Bob Janson, chairman of the center’s board of directors, said the search committee sifted through a pool of more than 100 applicants from across the country in search of a candidate with strong leadership skills who was “vested in this community and in veterans’ futures.”
“That person is Chief Todd Baxter,” Janson said.
Baxter, who resides in Ogden, took over at the Greece Police Department in 2010 amid mounting public distrust stemming from the imprisonment of the former chief, Merritt Rahn, and two other officers on corruption charges.
During his tenure, he introduced policy changes in the way the department collected evidence and investigated its own through Internal Affairs. He hired many officers and was credited by counterparts in other jurisdictions with restoring integrity to a department associated with patronage hires.
Greece Supervisor Bill Reilich, who will choose Baxter’s successor, said a third of the department’s officers were brought in and trained by Baxter.

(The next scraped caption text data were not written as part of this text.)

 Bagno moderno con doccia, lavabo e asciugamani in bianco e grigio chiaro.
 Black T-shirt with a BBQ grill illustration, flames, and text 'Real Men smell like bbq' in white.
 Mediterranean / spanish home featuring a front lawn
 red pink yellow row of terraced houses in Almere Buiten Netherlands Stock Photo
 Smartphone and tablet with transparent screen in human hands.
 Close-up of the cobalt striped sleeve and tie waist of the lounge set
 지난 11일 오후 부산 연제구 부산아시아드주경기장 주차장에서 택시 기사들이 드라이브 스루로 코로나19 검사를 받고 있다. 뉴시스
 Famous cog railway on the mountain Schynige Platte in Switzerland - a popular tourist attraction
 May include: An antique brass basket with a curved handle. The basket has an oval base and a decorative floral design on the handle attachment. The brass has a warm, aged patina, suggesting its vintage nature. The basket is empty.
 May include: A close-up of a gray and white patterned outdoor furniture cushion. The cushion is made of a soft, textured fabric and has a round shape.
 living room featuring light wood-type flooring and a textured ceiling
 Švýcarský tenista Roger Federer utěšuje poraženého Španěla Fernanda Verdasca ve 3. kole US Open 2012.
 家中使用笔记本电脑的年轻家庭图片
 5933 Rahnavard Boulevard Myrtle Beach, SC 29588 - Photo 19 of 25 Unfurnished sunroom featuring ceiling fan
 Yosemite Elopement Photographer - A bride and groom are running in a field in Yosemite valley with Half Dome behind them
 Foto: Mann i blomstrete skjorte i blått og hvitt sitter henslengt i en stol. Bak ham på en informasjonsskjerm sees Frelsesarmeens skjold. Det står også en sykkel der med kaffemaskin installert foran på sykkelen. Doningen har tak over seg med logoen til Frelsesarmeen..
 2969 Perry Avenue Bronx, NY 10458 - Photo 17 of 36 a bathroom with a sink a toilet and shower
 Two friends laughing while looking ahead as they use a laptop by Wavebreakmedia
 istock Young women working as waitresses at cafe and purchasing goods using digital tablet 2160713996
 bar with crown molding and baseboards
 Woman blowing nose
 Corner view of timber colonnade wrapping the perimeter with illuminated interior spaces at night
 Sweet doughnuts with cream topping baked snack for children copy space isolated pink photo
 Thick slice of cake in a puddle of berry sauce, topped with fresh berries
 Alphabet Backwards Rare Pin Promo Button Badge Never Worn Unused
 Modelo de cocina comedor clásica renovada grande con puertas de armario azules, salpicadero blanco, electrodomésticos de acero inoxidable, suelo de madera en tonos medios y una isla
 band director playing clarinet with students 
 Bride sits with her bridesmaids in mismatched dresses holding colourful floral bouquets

“He will certainly leave the department much better than he found it,” Reilich said in a statement.
Prior to joining the Greece Police Department, Baxter spent 22 years in the Rochester Police Department. He was an administrative aide to three city chiefs of police and temporarily commanded a patrol division of more than 200 personnel.
Baxter served in the Army Reserves until 2005.
Baxter said he considered his mission accomplished in Greece and looked forward to a new mission of aiding veterans. He said he is particularly passionate about helping homeless veterans get back on their feet.
Baxter conceded that in stepping down from a job overseeing a budget of $17.5 million in Greece to a $3.5 million budget at Veterans Outreach Center he would take a modest cut in pay. Janson, the board chairman, said Baxter would be paid about $130,000 a year.
“There is only one thing that will lead me away from police work, I have a true calling to be a cop, and that is the soft spot I have in my heart for veterans,” Baxter said.